Lucy’s mother is a full-time engineer working at a telecommunications firm. She has to work all day and comes back in the evening. Lucy’s father is a worker at the government and seems to be a leader or something. He is so busy that he is not home a lot of evenings. What is he doing then in the evenings? According to Lucy, he is either drinking with his colleagues or friends at a restaurant or on duty in the office. Poor father! He has no time for his family.

 

She has completed primary school too, just like Lucy No. 2. Lucy No. 2 stayed five years for primary school in Heilongjiang Province while Lucy No. 3 spent six years for primary school in Zhejiang Province. Educational policies vary slightly from province to province. Lucy did her graduation tests very well. I suppose she got through with flying colours.

 

After she left primary school, she went to sit an entrance exam organised by a local elite middle school – Wenzhou Foreign Language School. How did she do?
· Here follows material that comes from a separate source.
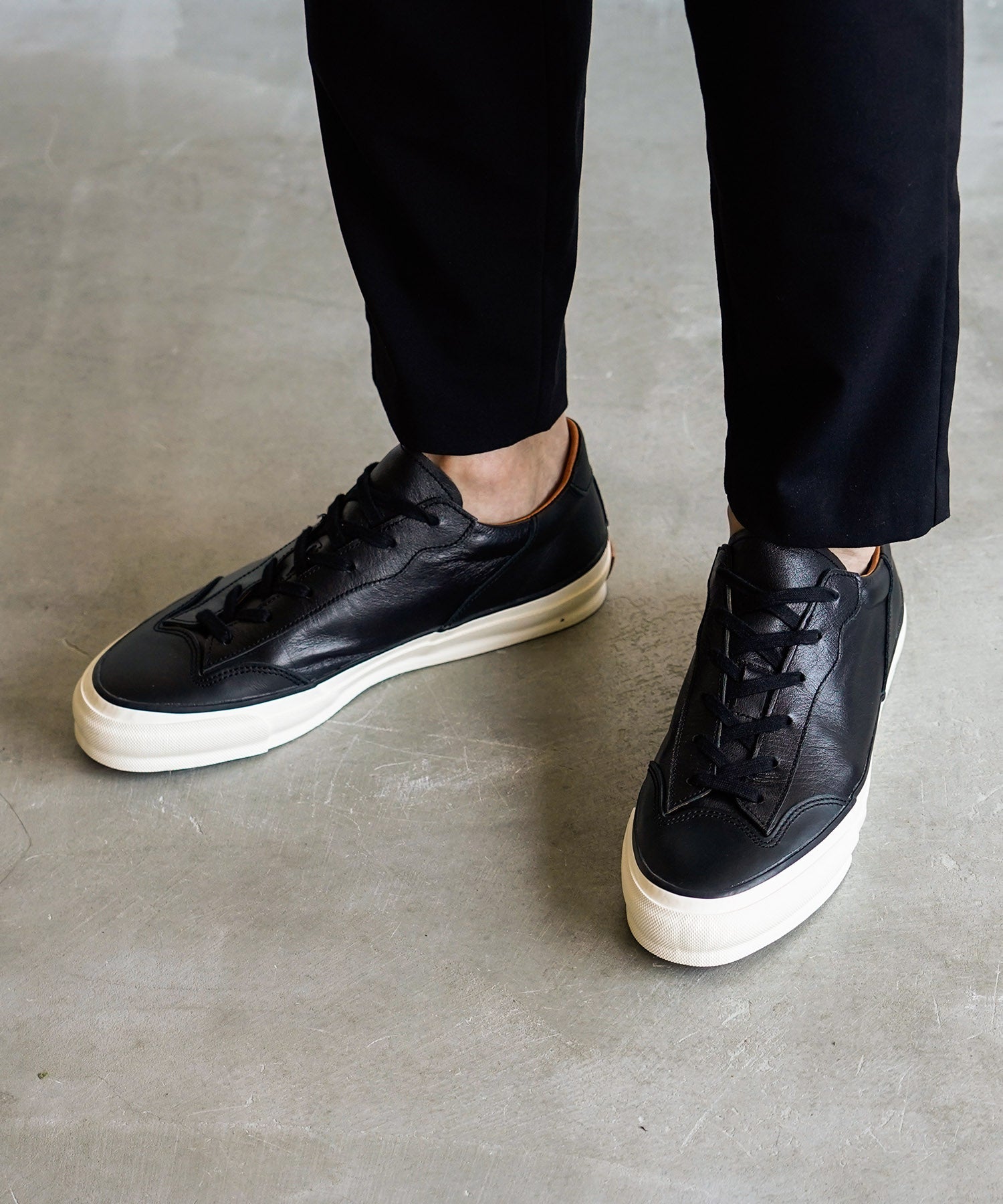 SP-1034 Black - SPINGLE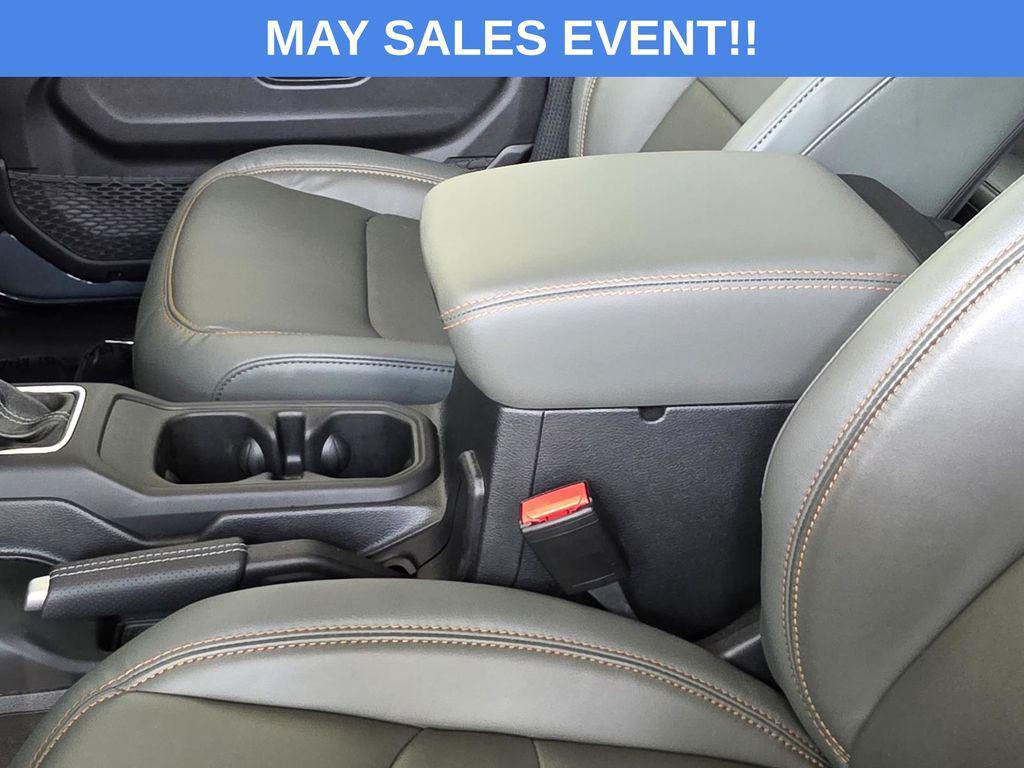 used 2025 Jeep Gladiator car, priced at $46,887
One evening she announced she had some news to break. “I have passed the test and will be a student there this autumn!” She is the only one of the pupils in her class who is admitted to the middle school.

 

Lucy’s summer holiday is like most urban kids’. Both of her parents have to work during the day and so she is left alone at home. She does reading, watches TV and plays some computer games. A bit boring, I bet. Neither her mum nor her dad can come home for lunch. She goes to buy a meal at a community takeaway. Her lunch is some sandwich, hamburger or yogurt. Why doesn’t she have some Chinese meals? Well, the restaurant does not offer traditional Chinese meals, and she has to go there because she gets meals cheaper using a coupon her mum has got for her.

 

Lucy is kind. There is a hole in a wall of her home, which was left there after an air-conditioner was installed. A bird family has nested there for some time. One day a birdie fell off the nest and had one of its legs broken. Lucy babied it for a few days but unluckily the creature died in the end.

 

I wish Lucy No. 3 all the best in Wenzhou. May she excel in middle school, too.